Instruction for the entries below: return the part that opens with the line containing "Rumah Bagus Siap Huni Di BSD Luas 336m2 Lokasi Strategis Rumah" and closes with the line containing "Apartments Sunshine Home", exactly, and no pictures.

Top of Available data

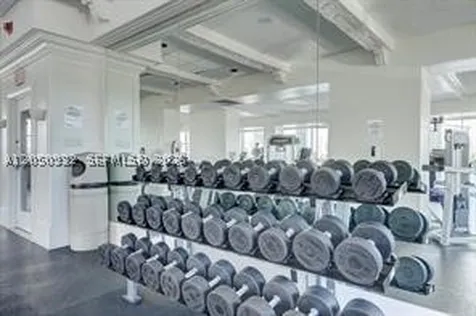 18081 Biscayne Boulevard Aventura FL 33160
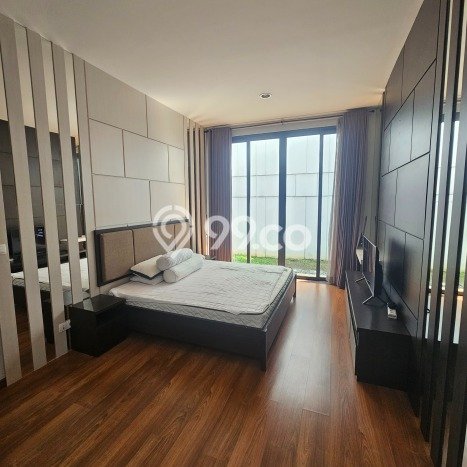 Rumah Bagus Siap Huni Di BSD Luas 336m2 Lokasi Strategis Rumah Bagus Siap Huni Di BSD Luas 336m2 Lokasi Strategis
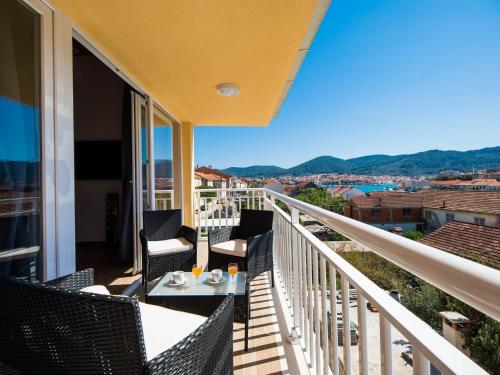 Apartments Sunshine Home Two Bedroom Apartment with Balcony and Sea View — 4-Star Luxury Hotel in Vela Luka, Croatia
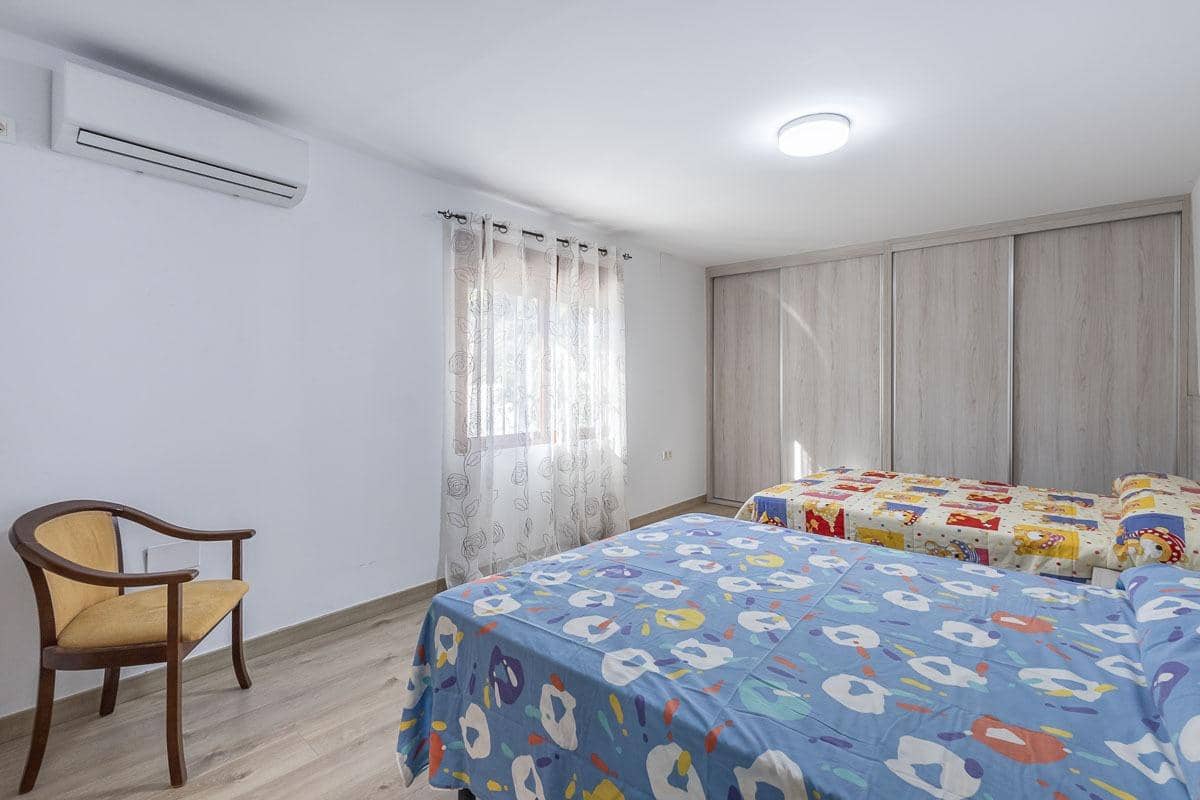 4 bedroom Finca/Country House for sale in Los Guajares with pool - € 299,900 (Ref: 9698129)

Bottom of Available data
Top of Available data

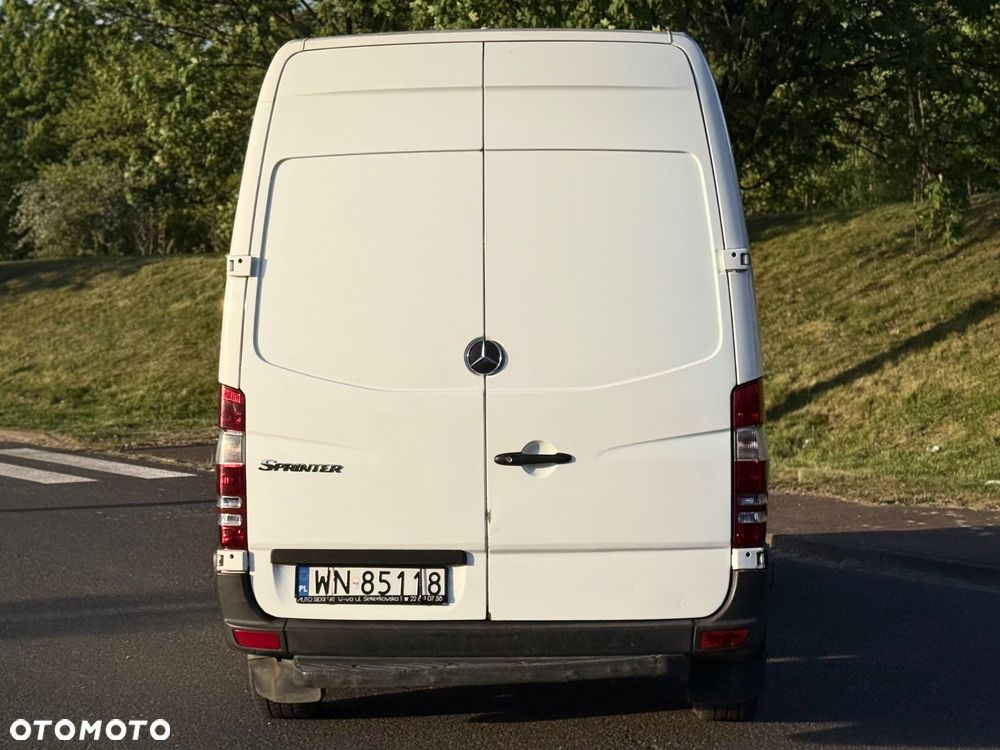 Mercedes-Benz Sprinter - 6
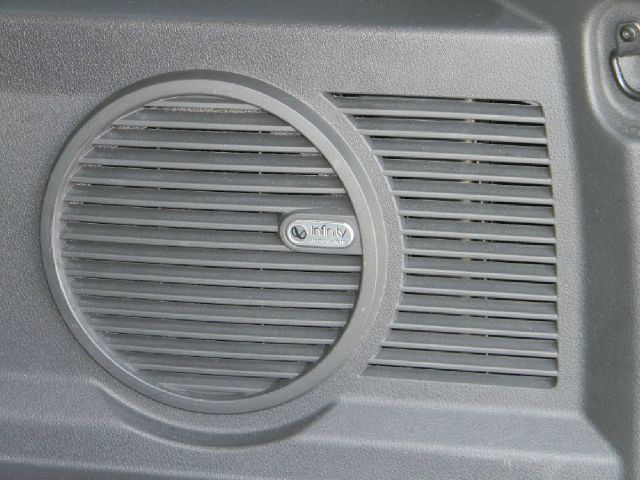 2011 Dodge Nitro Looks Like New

Bottom of Available data
Top of Available data

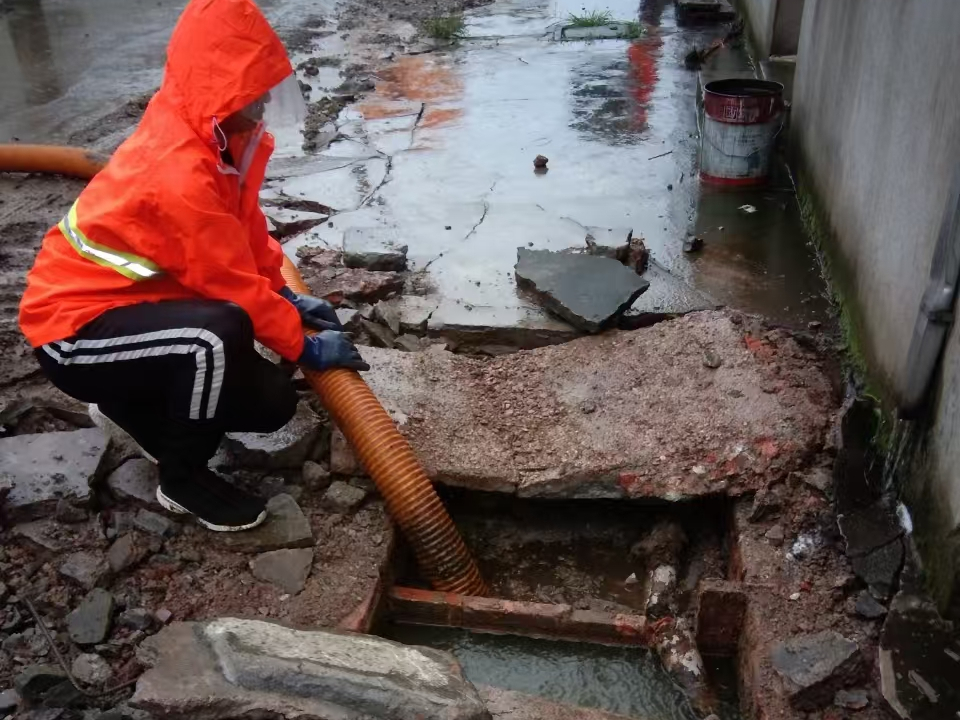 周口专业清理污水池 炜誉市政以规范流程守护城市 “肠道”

Bottom of Available data

The answer →
 Rumah Bagus Siap Huni Di BSD Luas 336m2 Lokasi Strategis Rumah Bagus Siap Huni Di BSD Luas 336m2 Lokasi Strategis
 Apartments Sunshine Home Two Bedroom Apartment with Balcony and Sea View — 4-Star Luxury Hotel in Vela Luka, Croatia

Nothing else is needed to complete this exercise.